Some insurgencies have taken ten years or so to resolve; I’m thinking of the Philippines at the turn of the last century. The idea that we could have troops out by the end of next year seems rather far-fetched to me if we really want to get this thing done, right?
Well, that’s certainly true. The question is not should we be out, but how many troops are we going to need over what time period? If you could reduce troop levels by the end of next year to a level somewhere around 70,000, you’d take a tremendous amount of strain off the U.S. force structure. You’ve already put Iraqi forces into the field. They are not capable of taking the most demanding missions, but about 30 percent of them are capable of performing significant security missions now. Those figures should get steadily better with time. We can shift our role more and more to that of advisers providing heavy fire support, of ensuring there aren’t insurgent concentrations. We can provide intelligence that is at a technical level that Iraqis can’t provide.

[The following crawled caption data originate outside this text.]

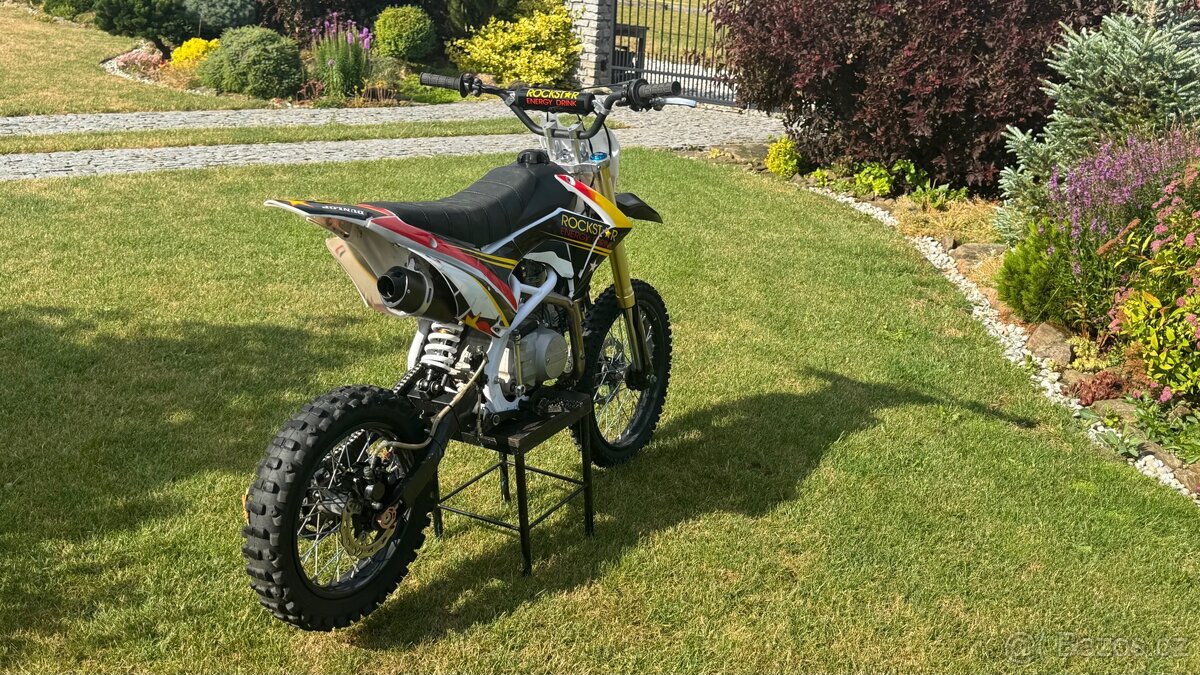 PITBIKE 125 17/14 KRÁSNÝ STAV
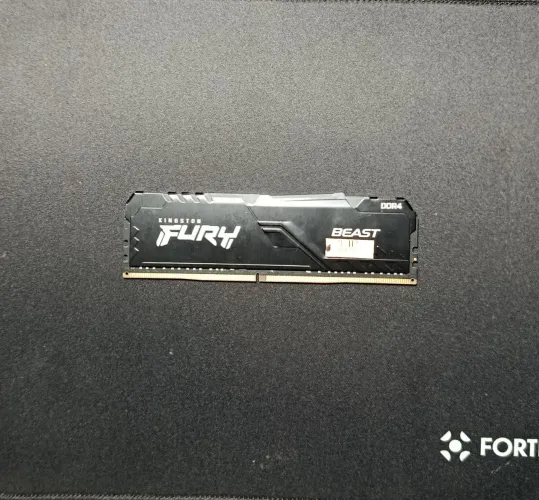 Memoria ram kingston fury rgb 8 gb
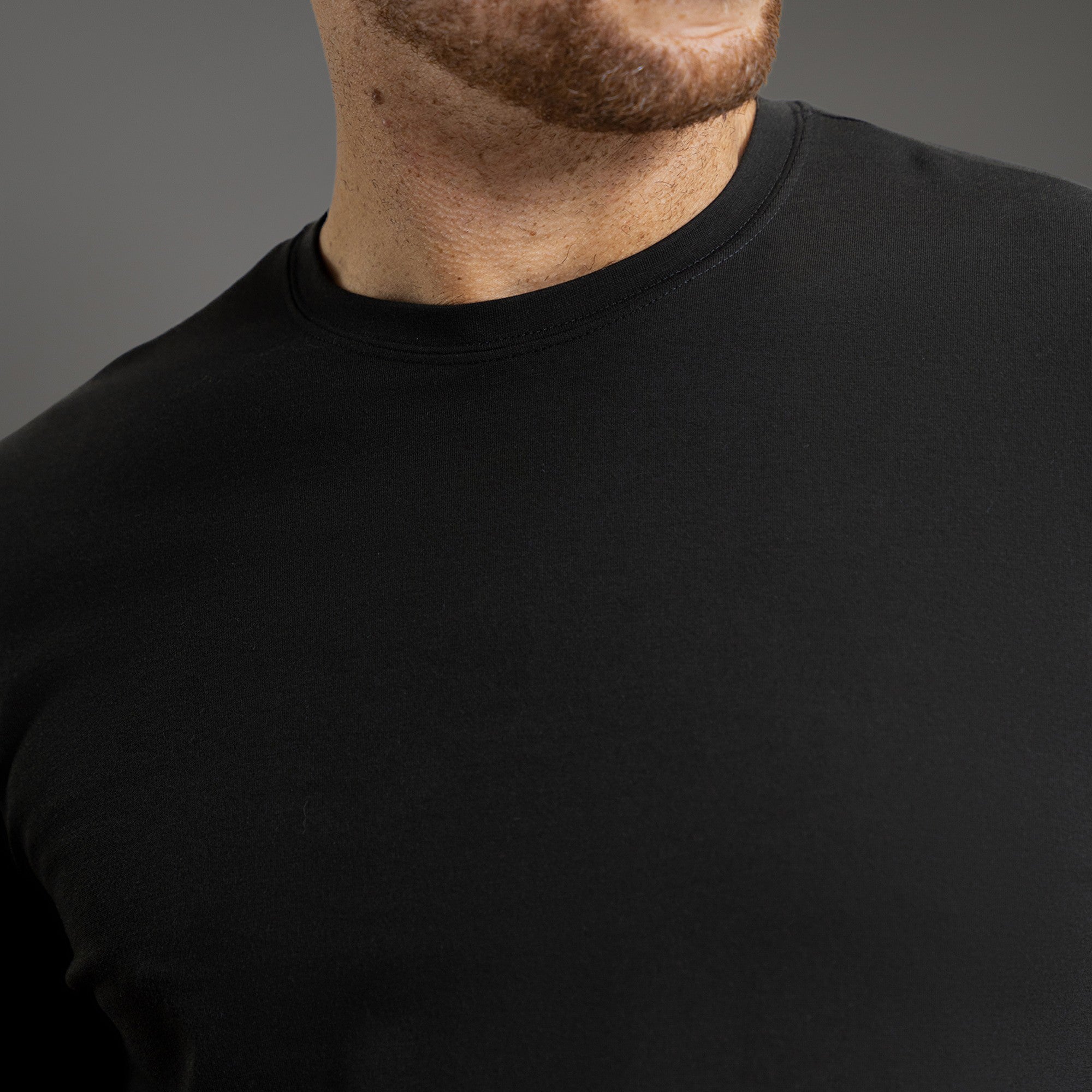 Custom longsleeve t-shirt on model Glen in Black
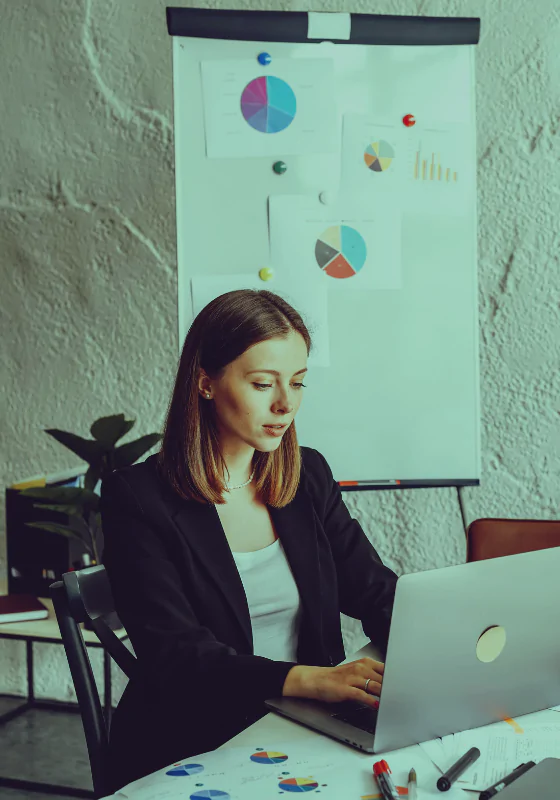 Specjaliści HR, administracji czy prawnicy? Która grupa może liczyć na najwyższe wynagrodzenie?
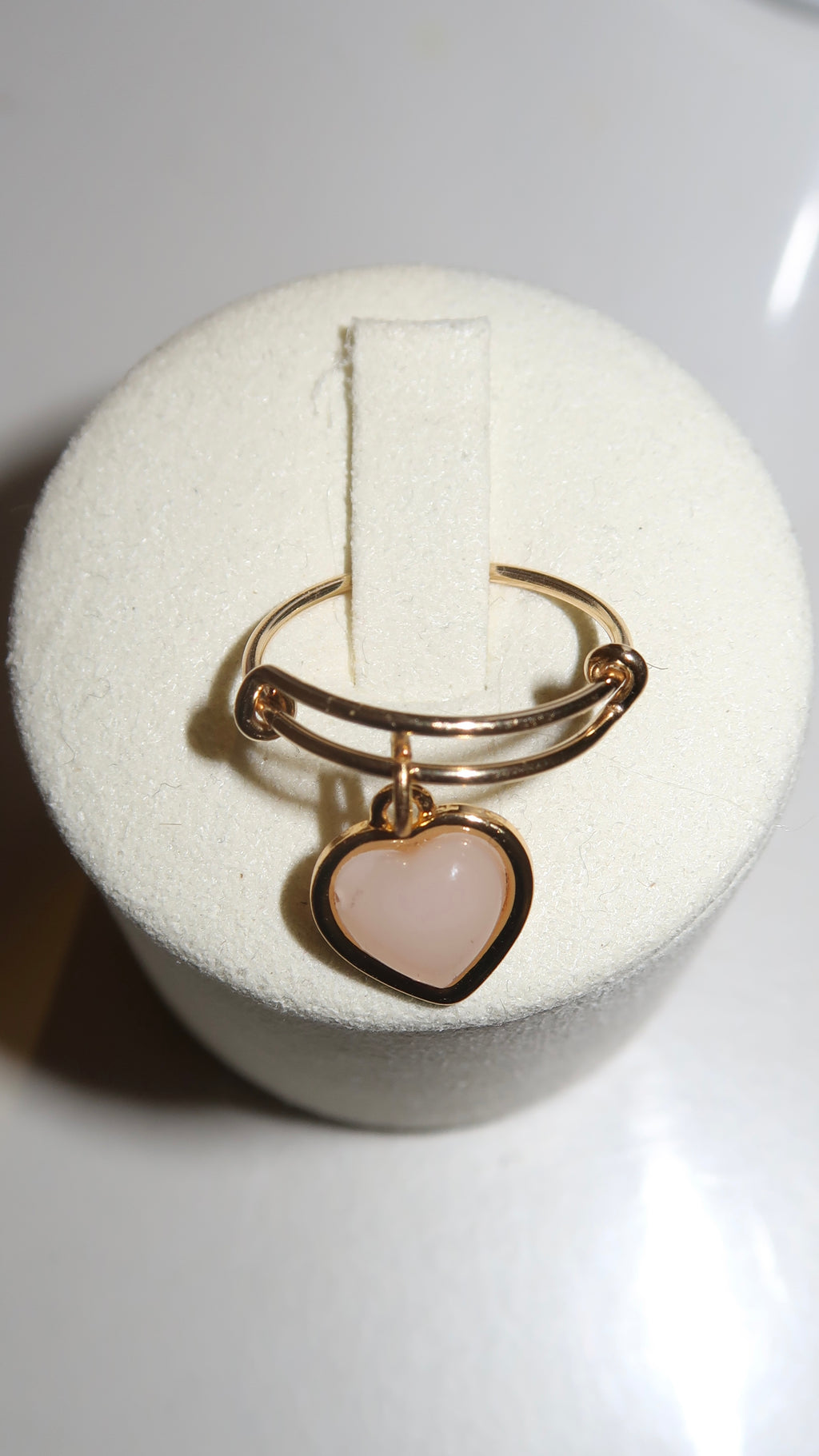 Eleganter Goldring mit rosa Herz-Anhänger – romantischer Charm Ring für Damen | Trendiger Schmuck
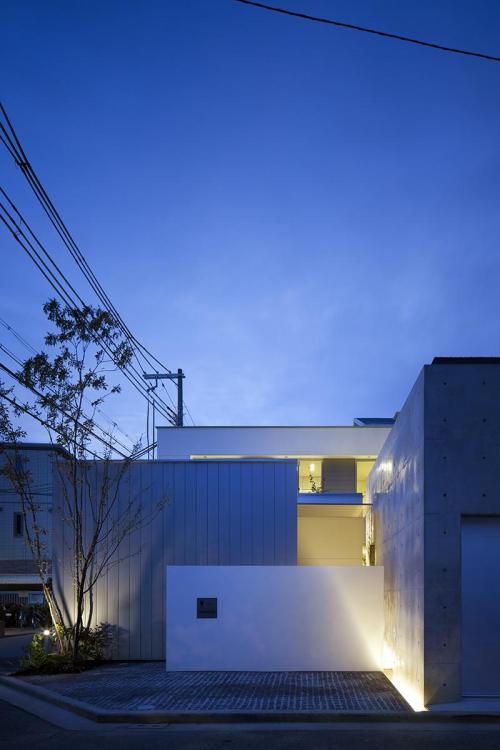 House in Nakamozu is a minimalist house located in Osaka, Japan, designed by NRM*Architects Office. The residence is situated in Sakai City near the train station. (6)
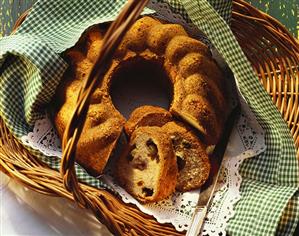 Garland cake with grapes (1)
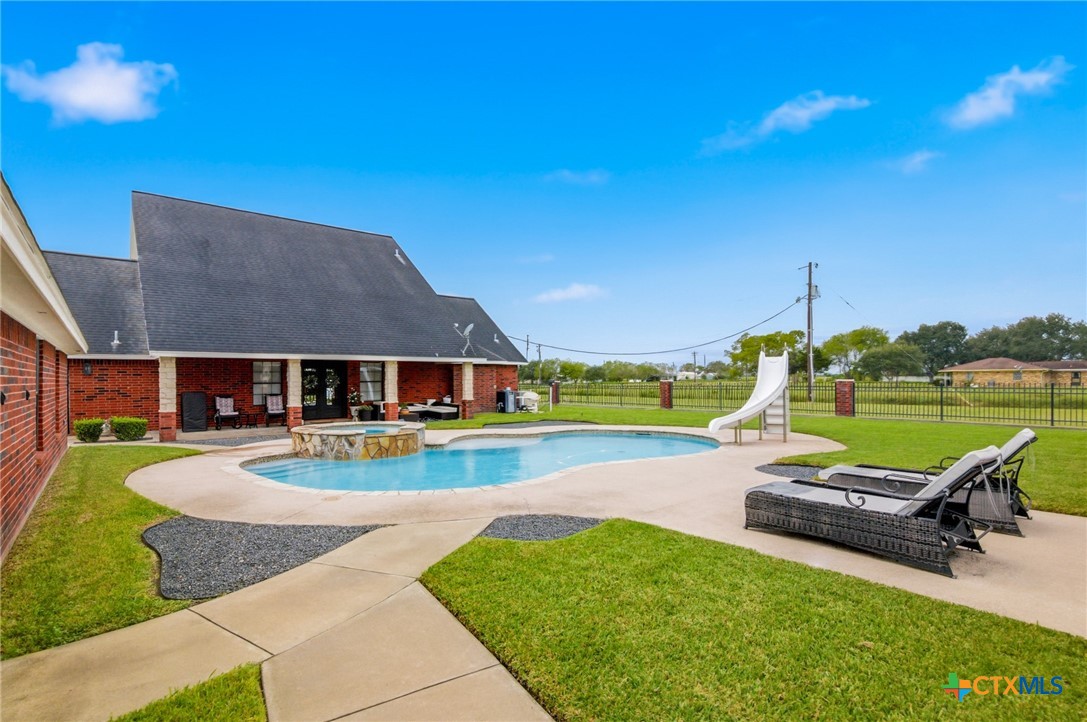 main property photo 29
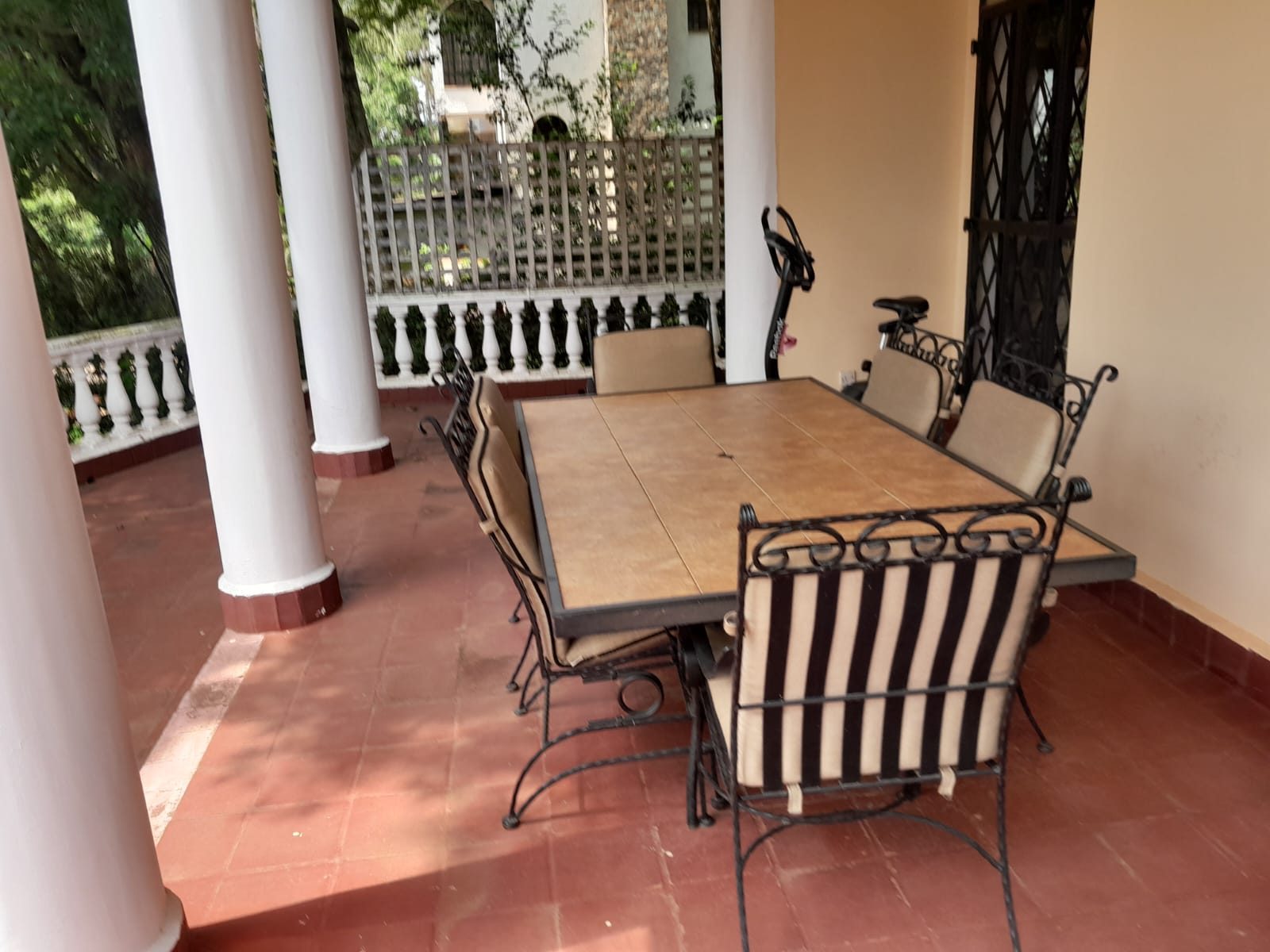 Elegant 5-Bedroom Lakefront Residence on ½ Acre in Nyari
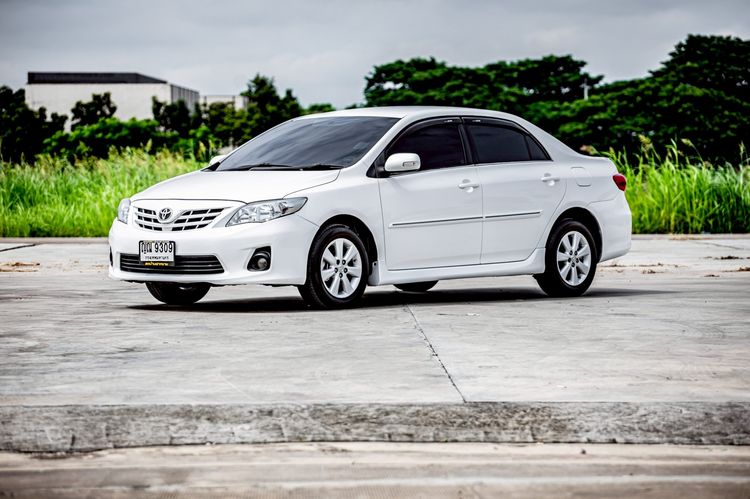 Toyota Altis 2011 1.6 E CNG Sedan เบนซิน ไม่ติดแก๊ส เกียร์อัตโนมัติ ขาว รูปที่ 2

Then slowly and steadily we should be able to reduce our presence. And if the insurgency lingers at some level that does not mean the United States has to be actively involved in the field indefinitely. But it isn’t going to be something where you can have this kind of exit strategy that is all or nothing. That kind of thinking, whether you are in favor of staying or of immediately leaving, really almost ensures something is going to go badly wrong.